◆ **EXERCISE DETAILS**:
Copy out each line below exactly as written.
= = = = = = =
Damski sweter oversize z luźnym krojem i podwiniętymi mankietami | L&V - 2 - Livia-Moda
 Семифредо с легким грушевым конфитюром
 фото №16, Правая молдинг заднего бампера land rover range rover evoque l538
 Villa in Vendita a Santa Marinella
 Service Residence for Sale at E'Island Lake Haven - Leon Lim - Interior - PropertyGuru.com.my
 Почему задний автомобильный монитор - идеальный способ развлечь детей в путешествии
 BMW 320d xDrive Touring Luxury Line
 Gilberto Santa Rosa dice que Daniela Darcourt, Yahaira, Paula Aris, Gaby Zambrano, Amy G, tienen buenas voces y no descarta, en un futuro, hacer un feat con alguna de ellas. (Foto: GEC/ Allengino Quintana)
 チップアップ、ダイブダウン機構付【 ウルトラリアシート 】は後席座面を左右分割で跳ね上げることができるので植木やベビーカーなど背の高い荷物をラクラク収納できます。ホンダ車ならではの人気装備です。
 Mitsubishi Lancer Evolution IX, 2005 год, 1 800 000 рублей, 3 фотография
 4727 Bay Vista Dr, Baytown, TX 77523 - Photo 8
= = = = = = =
◆ **WRITTEN SOLUTION**:
Damski sweter oversize z luźnym krojem i podwiniętymi mankietami | L&V - 2 - Livia-Moda
 Семифредо с легким грушевым конфитюром
 фото №16, Правая молдинг заднего бампера land rover range rover evoque l538
 Villa in Vendita a Santa Marinella
 Service Residence for Sale at E'Island Lake Haven - Leon Lim - Interior - PropertyGuru.com.my
 Почему задний автомобильный монитор - идеальный способ развлечь детей в путешествии
 BMW 320d xDrive Touring Luxury Line
 Gilberto Santa Rosa dice que Daniela Darcourt, Yahaira, Paula Aris, Gaby Zambrano, Amy G, tienen buenas voces y no descarta, en un futuro, hacer un feat con alguna de ellas. (Foto: GEC/ Allengino Quintana)
 チップアップ、ダイブダウン機構付【 ウルトラリアシート 】は後席座面を左右分割で跳ね上げることができるので植木やベビーカーなど背の高い荷物をラクラク収納できます。ホンダ車ならではの人気装備です。
 Mitsubishi Lancer Evolution IX, 2005 год, 1 800 000 рублей, 3 фотография
 4727 Bay Vista Dr, Baytown, TX 77523 - Photo 8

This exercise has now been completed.